BRIEF: Would you set down the complete data below, exactly as shown?

[Start of Attachment]

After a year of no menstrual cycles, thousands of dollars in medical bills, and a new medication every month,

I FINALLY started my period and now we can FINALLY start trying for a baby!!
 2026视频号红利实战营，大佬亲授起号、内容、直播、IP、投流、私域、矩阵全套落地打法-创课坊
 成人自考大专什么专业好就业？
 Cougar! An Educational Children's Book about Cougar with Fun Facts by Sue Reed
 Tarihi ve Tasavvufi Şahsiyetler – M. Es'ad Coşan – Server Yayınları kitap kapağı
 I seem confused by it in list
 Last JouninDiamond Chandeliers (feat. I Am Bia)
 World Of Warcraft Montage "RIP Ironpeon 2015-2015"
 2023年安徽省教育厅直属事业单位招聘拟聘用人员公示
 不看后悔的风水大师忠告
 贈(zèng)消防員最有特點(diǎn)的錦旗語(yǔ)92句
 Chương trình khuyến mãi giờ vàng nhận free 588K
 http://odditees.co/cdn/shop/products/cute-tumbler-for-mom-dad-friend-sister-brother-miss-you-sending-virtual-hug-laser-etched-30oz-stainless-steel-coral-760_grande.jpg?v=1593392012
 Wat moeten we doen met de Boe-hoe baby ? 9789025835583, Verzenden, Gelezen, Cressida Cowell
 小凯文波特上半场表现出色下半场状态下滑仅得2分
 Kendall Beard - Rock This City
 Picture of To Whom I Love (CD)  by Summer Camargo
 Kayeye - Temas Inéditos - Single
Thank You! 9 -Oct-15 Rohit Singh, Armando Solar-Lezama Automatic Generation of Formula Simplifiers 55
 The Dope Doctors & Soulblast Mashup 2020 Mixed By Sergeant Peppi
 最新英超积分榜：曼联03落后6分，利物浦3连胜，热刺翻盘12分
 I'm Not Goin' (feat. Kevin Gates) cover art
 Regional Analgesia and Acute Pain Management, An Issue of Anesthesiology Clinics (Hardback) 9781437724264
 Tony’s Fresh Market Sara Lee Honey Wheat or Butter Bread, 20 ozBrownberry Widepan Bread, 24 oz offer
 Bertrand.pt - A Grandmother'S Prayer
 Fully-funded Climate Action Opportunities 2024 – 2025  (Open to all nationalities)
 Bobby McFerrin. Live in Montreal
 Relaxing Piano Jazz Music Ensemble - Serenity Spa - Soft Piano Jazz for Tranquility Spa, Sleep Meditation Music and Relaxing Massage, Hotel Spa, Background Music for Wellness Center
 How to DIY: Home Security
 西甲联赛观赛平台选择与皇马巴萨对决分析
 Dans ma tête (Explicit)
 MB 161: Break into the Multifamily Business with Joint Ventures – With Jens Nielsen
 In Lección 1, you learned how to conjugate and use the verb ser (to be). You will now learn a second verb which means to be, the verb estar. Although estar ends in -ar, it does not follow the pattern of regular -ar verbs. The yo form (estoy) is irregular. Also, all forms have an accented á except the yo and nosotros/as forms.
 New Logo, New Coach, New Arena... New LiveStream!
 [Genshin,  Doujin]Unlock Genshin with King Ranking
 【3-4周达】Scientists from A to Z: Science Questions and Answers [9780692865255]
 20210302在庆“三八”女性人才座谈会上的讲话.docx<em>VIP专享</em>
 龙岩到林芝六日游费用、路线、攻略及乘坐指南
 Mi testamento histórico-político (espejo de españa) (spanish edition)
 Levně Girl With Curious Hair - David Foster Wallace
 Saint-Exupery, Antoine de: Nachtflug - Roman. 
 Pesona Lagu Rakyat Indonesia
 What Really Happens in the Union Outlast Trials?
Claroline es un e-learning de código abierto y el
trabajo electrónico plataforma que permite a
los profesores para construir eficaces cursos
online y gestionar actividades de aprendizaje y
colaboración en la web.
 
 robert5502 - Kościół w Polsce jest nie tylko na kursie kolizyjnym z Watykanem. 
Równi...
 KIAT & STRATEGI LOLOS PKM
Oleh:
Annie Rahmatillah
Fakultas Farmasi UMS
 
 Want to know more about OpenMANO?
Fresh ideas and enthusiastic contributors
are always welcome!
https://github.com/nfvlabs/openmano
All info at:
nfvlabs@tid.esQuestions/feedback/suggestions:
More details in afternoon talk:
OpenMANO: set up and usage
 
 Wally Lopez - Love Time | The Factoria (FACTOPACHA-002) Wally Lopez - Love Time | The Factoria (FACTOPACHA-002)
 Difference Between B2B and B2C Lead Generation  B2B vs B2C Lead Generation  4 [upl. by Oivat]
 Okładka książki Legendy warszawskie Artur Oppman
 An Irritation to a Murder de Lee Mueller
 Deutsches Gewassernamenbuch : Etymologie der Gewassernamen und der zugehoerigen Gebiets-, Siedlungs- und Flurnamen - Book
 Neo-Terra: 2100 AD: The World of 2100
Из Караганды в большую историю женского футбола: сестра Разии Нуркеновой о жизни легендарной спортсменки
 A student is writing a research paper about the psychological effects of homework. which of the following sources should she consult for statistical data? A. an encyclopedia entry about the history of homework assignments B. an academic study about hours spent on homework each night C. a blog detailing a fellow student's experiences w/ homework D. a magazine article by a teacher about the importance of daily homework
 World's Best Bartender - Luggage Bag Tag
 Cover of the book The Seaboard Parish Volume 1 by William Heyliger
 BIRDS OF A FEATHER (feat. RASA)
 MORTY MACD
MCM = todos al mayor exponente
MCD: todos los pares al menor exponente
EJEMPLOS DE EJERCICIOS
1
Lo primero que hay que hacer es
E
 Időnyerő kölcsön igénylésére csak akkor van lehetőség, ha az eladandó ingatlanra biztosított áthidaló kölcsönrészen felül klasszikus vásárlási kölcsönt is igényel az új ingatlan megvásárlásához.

[End of Attachment]

SOLUTION TO THIS EXERCISE:
After a year of no menstrual cycles, thousands of dollars in medical bills, and a new medication every month,

I FINALLY started my period and now we can FINALLY start trying for a baby!!
 2026视频号红利实战营，大佬亲授起号、内容、直播、IP、投流、私域、矩阵全套落地打法-创课坊
 成人自考大专什么专业好就业？
 Cougar! An Educational Children's Book about Cougar with Fun Facts by Sue Reed
 Tarihi ve Tasavvufi Şahsiyetler – M. Es'ad Coşan – Server Yayınları kitap kapağı
 I seem confused by it in list
 Last JouninDiamond Chandeliers (feat. I Am Bia)
 World Of Warcraft Montage "RIP Ironpeon 2015-2015"
 2023年安徽省教育厅直属事业单位招聘拟聘用人员公示
 不看后悔的风水大师忠告
 贈(zèng)消防員最有特點(diǎn)的錦旗語(yǔ)92句
 Chương trình khuyến mãi giờ vàng nhận free 588K
 http://odditees.co/cdn/shop/products/cute-tumbler-for-mom-dad-friend-sister-brother-miss-you-sending-virtual-hug-laser-etched-30oz-stainless-steel-coral-760_grande.jpg?v=1593392012
 Wat moeten we doen met de Boe-hoe baby ? 9789025835583, Verzenden, Gelezen, Cressida Cowell
 小凯文波特上半场表现出色下半场状态下滑仅得2分
 Kendall Beard - Rock This City
 Picture of To Whom I Love (CD)  by Summer Camargo
 Kayeye - Temas Inéditos - Single
Thank You! 9 -Oct-15 Rohit Singh, Armando Solar-Lezama Automatic Generation of Formula Simplifiers 55
 The Dope Doctors & Soulblast Mashup 2020 Mixed By Sergeant Peppi
 最新英超积分榜：曼联03落后6分，利物浦3连胜，热刺翻盘12分
 I'm Not Goin' (feat. Kevin Gates) cover art
 Regional Analgesia and Acute Pain Management, An Issue of Anesthesiology Clinics (Hardback) 9781437724264
 Tony’s Fresh Market Sara Lee Honey Wheat or Butter Bread, 20 ozBrownberry Widepan Bread, 24 oz offer
 Bertrand.pt - A Grandmother'S Prayer
 Fully-funded Climate Action Opportunities 2024 – 2025  (Open to all nationalities)
 Bobby McFerrin. Live in Montreal
 Relaxing Piano Jazz Music Ensemble - Serenity Spa - Soft Piano Jazz for Tranquility Spa, Sleep Meditation Music and Relaxing Massage, Hotel Spa, Background Music for Wellness Center
 How to DIY: Home Security
 西甲联赛观赛平台选择与皇马巴萨对决分析
 Dans ma tête (Explicit)
 MB 161: Break into the Multifamily Business with Joint Ventures – With Jens Nielsen
 In Lección 1, you learned how to conjugate and use the verb ser (to be). You will now learn a second verb which means to be, the verb estar. Although estar ends in -ar, it does not follow the pattern of regular -ar verbs. The yo form (estoy) is irregular. Also, all forms have an accented á except the yo and nosotros/as forms.
 New Logo, New Coach, New Arena... New LiveStream!
 [Genshin,  Doujin]Unlock Genshin with King Ranking
 【3-4周达】Scientists from A to Z: Science Questions and Answers [9780692865255]
 20210302在庆“三八”女性人才座谈会上的讲话.docx<em>VIP专享</em>
 龙岩到林芝六日游费用、路线、攻略及乘坐指南
 Mi testamento histórico-político (espejo de españa) (spanish edition)
 Levně Girl With Curious Hair - David Foster Wallace
 Saint-Exupery, Antoine de: Nachtflug - Roman. 
 Pesona Lagu Rakyat Indonesia
 What Really Happens in the Union Outlast Trials?
Claroline es un e-learning de código abierto y el
trabajo electrónico plataforma que permite a
los profesores para construir eficaces cursos
online y gestionar actividades de aprendizaje y
colaboración en la web.
 
 robert5502 - Kościół w Polsce jest nie tylko na kursie kolizyjnym z Watykanem. 
Równi...
 KIAT & STRATEGI LOLOS PKM
Oleh:
Annie Rahmatillah
Fakultas Farmasi UMS
 
 Want to know more about OpenMANO?
Fresh ideas and enthusiastic contributors
are always welcome!
https://github.com/nfvlabs/openmano
All info at:
nfvlabs@tid.esQuestions/feedback/suggestions:
More details in afternoon talk:
OpenMANO: set up and usage
 
 Wally Lopez - Love Time | The Factoria (FACTOPACHA-002) Wally Lopez - Love Time | The Factoria (FACTOPACHA-002)
 Difference Between B2B and B2C Lead Generation  B2B vs B2C Lead Generation  4 [upl. by Oivat]
 Okładka książki Legendy warszawskie Artur Oppman
 An Irritation to a Murder de Lee Mueller
 Deutsches Gewassernamenbuch : Etymologie der Gewassernamen und der zugehoerigen Gebiets-, Siedlungs- und Flurnamen - Book
 Neo-Terra: 2100 AD: The World of 2100
Из Караганды в большую историю женского футбола: сестра Разии Нуркеновой о жизни легендарной спортсменки
 A student is writing a research paper about the psychological effects of homework. which of the following sources should she consult for statistical data? A. an encyclopedia entry about the history of homework assignments B. an academic study about hours spent on homework each night C. a blog detailing a fellow student's experiences w/ homework D. a magazine article by a teacher about the importance of daily homework
 World's Best Bartender - Luggage Bag Tag
 Cover of the book The Seaboard Parish Volume 1 by William Heyliger
 BIRDS OF A FEATHER (feat. RASA)
 MORTY MACD
MCM = todos al mayor exponente
MCD: todos los pares al menor exponente
EJEMPLOS DE EJERCICIOS
1
Lo primero que hay que hacer es
E
 Időnyerő kölcsön igénylésére csak akkor van lehetőség, ha az eladandó ingatlanra biztosított áthidaló kölcsönrészen felül klasszikus vásárlási kölcsönt is igényel az új ingatlan megvásárlásához.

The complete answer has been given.